[MDEV-11192] Error "Checsum failure while reading node partition in file" makes server crashes - Jira

Details

Type: Bug
Status: Closed (View Workflow)
Priority: Major
Resolution: Not a Bug
Affects Version/s: 10.0.27
Fix Version/s: N/A
Component/s: Storage Engine - InnoDB
Labels:
- tokudb
Environment:

Hide
Gentoo linux - 4.4.8-hardened-r1 with PAX enabled
Supermicro machine with:
- two AMD Opteron(TM) Processor 6274, 64GB memory (approx. 40GB used regurarly)
- 4x 512GB SSD drives (different vendors) -> Linux MDRAID RAID5 -> LVM for /var/lib/mysql
emerge info and my.cnf attached

Show
Gentoo linux - 4.4.8-hardened-r1 with PAX enabled Supermicro machine with: - two AMD Opteron(TM) Processor 6274, 64GB memory (approx. 40GB used regurarly) - 4x 512GB SSD drives (different vendors) -> Linux MDRAID RAID5 -> LVM for /var/lib/mysql emerge info and my.cnf attached

Description

After replacing SSD drives laying under the the RAID+LVM (256GB drives to larger 512GB drives) and extending the LVM logical volume, server started crashing with:

Checksum failure while reading node partition in file ... error on different TokuDB files (example crash.log attached) - most of the time it's main files, sometime index
Table structure attached.
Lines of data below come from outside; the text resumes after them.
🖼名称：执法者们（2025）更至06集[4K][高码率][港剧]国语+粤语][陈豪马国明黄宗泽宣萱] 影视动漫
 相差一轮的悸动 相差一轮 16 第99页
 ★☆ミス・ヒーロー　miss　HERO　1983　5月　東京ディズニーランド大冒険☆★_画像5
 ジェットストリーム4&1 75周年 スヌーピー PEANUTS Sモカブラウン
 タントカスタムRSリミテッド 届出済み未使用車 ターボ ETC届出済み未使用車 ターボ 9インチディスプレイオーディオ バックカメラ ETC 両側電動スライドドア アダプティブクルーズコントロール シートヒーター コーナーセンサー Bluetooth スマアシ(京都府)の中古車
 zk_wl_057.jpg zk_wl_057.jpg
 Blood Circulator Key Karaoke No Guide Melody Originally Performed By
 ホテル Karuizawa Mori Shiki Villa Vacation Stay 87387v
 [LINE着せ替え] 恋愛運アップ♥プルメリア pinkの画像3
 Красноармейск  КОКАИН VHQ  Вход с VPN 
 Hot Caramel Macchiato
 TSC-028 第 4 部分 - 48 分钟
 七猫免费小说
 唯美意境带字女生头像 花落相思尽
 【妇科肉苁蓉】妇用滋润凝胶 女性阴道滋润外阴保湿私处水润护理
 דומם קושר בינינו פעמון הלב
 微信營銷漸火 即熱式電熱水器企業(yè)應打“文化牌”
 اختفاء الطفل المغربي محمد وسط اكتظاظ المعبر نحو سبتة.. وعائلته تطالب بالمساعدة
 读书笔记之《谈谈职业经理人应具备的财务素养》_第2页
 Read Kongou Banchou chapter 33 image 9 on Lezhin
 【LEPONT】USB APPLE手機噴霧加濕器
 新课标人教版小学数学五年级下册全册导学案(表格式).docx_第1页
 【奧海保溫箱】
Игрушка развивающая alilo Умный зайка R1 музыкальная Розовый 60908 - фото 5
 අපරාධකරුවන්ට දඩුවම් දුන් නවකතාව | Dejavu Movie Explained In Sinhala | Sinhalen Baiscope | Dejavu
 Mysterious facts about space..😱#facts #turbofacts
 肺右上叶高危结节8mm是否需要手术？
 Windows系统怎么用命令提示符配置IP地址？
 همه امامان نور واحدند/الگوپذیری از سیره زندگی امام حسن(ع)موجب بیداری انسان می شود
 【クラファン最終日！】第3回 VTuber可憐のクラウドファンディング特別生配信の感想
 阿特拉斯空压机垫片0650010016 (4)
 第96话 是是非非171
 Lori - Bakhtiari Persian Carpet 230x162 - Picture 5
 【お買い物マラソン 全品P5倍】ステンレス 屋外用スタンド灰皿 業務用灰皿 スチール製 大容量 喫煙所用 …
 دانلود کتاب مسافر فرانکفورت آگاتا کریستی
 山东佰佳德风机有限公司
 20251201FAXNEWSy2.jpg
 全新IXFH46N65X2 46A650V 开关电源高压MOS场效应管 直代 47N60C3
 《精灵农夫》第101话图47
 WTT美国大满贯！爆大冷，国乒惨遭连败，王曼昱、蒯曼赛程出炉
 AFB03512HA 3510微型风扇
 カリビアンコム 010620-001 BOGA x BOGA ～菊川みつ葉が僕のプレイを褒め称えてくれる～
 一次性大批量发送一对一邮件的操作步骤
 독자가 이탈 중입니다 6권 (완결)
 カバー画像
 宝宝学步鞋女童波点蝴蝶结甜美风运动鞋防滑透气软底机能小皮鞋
Crash can be reproduced easily by reading the whole table (or identify the failing part of the data range and read its data).

The only solution was to drop index/table - in case of table it hurt because it contained 10M-100M lines of data.
What helps was to split large tables into partitions, smaller ones are not crashing anymore, but the the ones containing 30M+ lines per partition still crashes from time to time.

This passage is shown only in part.